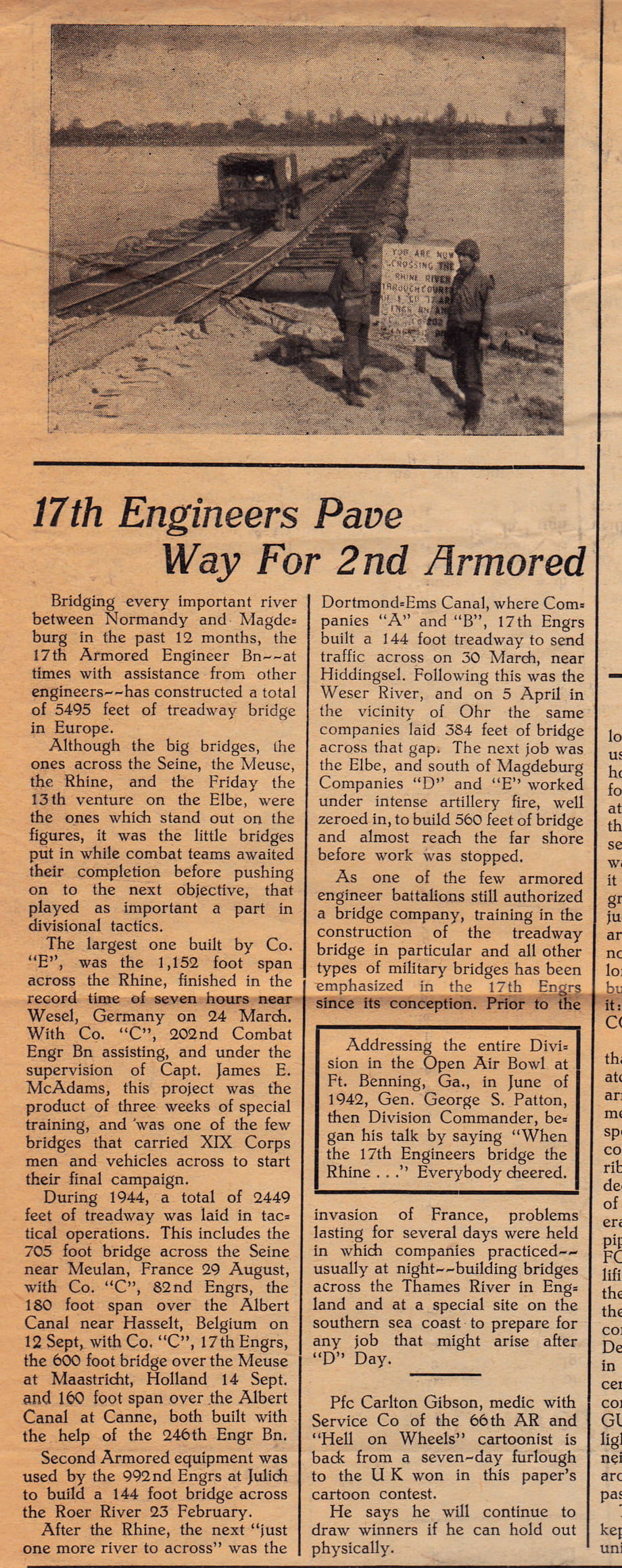 Article about Co E from Hell on Wheels June 13 1945 Photo. Courtesy Dave Ketchpaw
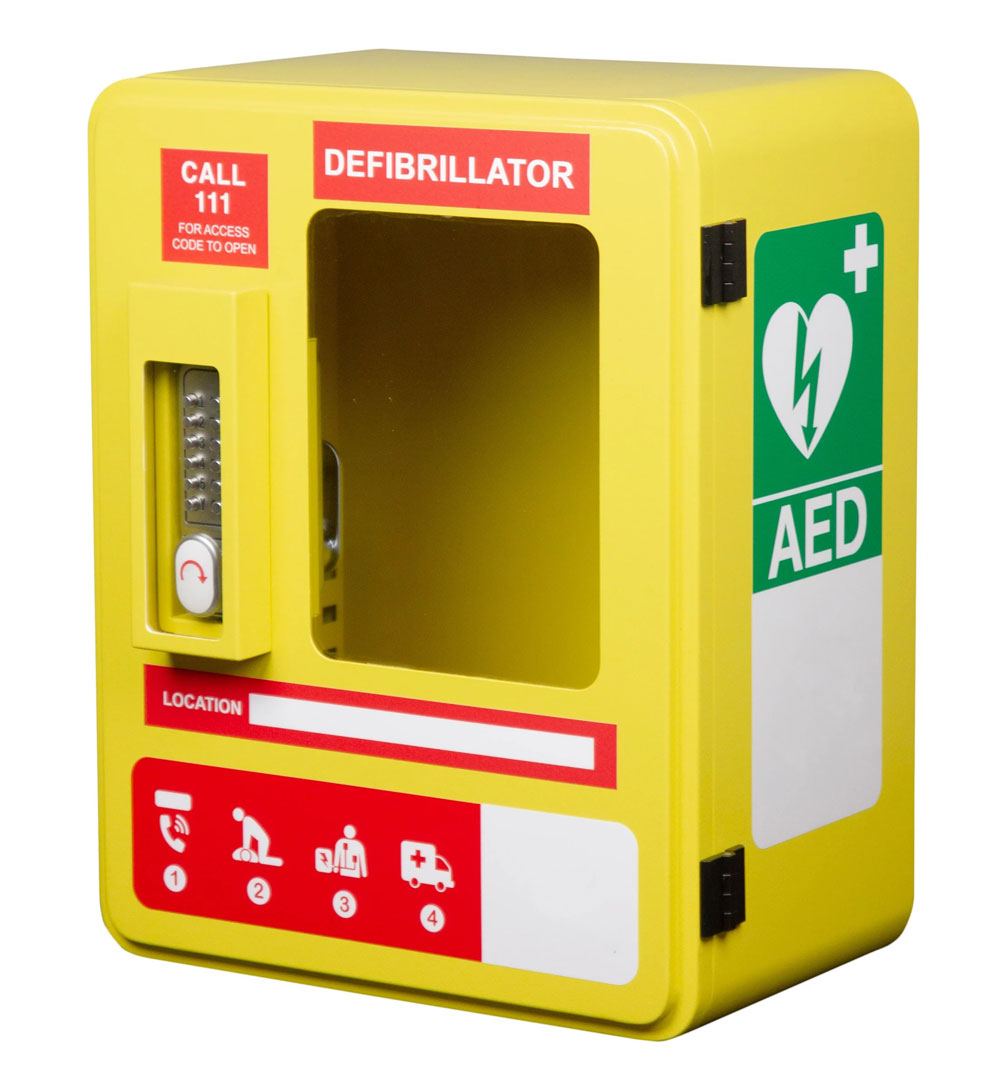 Lockable outdoor AED cabinet installed in New Zealand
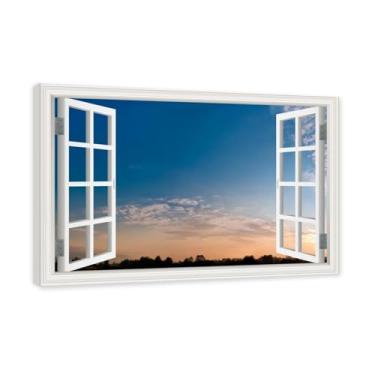 Imagem de PY3H69 Arte de parede em tela de janela aberta, impressão natural em tela. Lindo céu 15,2 cm, decoração de parede de paisagem de janela, decoração de casa moderna 50 x 75 cm - 19,6 x 29,5 pol. Moldura
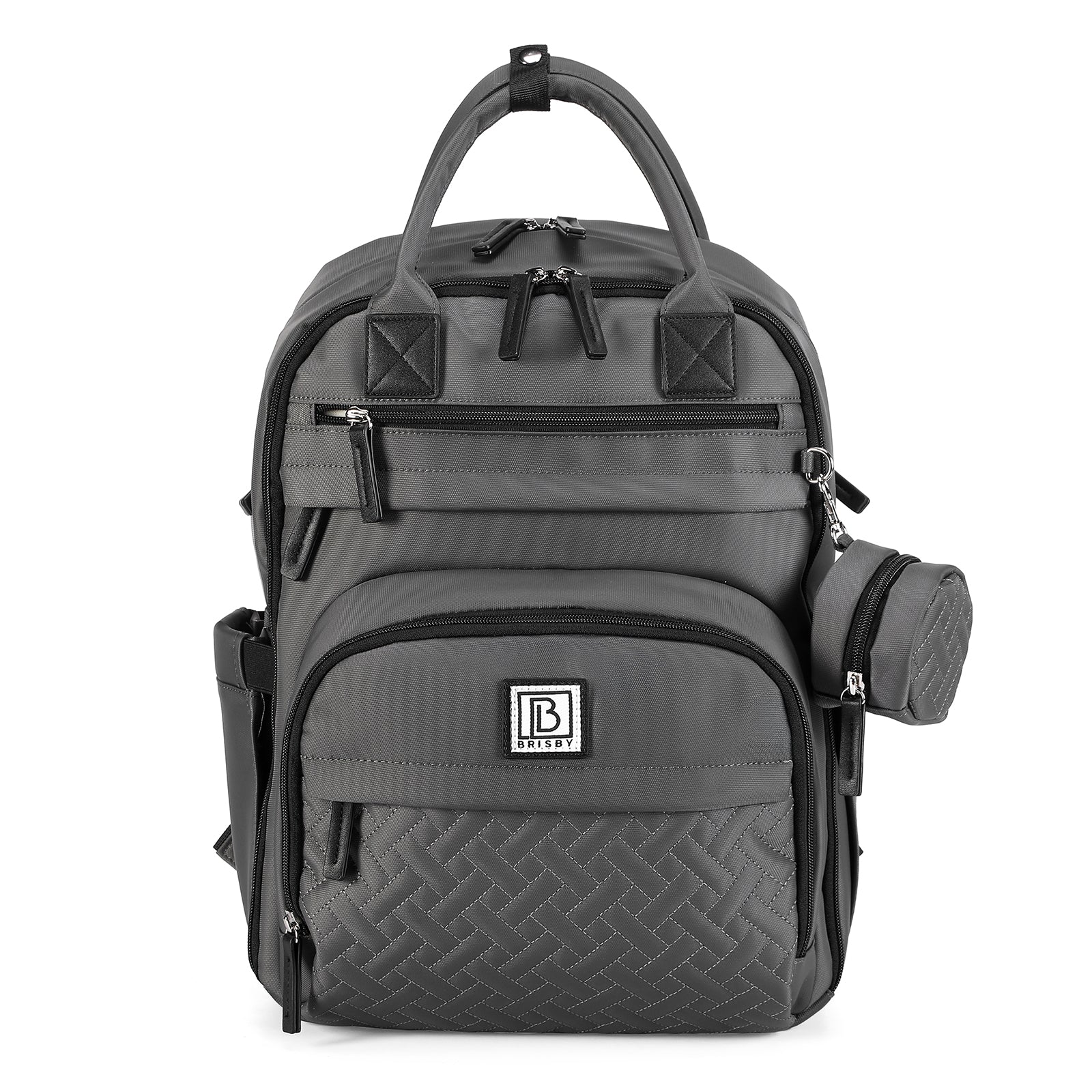 Premium luiertas donkergrijs - uitgebreide en functionele verzorgingstas - met buggymontage - anti diefstal vakken - reistrolley sleeve - incl. verschoonmatje en speenhouder - levenslange garantie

* TASK TO COMPLETE:
Retype the listing exactly. Leave out its pictures.

* RESPONSE TO THE TASK:
 Article about Co E from Hell on Wheels June 13 1945 Photo. Courtesy Dave Ketchpaw
 Lockable outdoor AED cabinet installed in New Zealand
 Imagem de PY3H69 Arte de parede em tela de janela aberta, impressão natural em tela. Lindo céu 15,2 cm, decoração de parede de paisagem de janela, decoração de casa moderna 50 x 75 cm - 19,6 x 29,5 pol. Moldura
 Premium luiertas donkergrijs - uitgebreide en functionele verzorgingstas - met buggymontage - anti diefstal vakken - reistrolley sleeve - incl. verschoonmatje en speenhouder - levenslange garantie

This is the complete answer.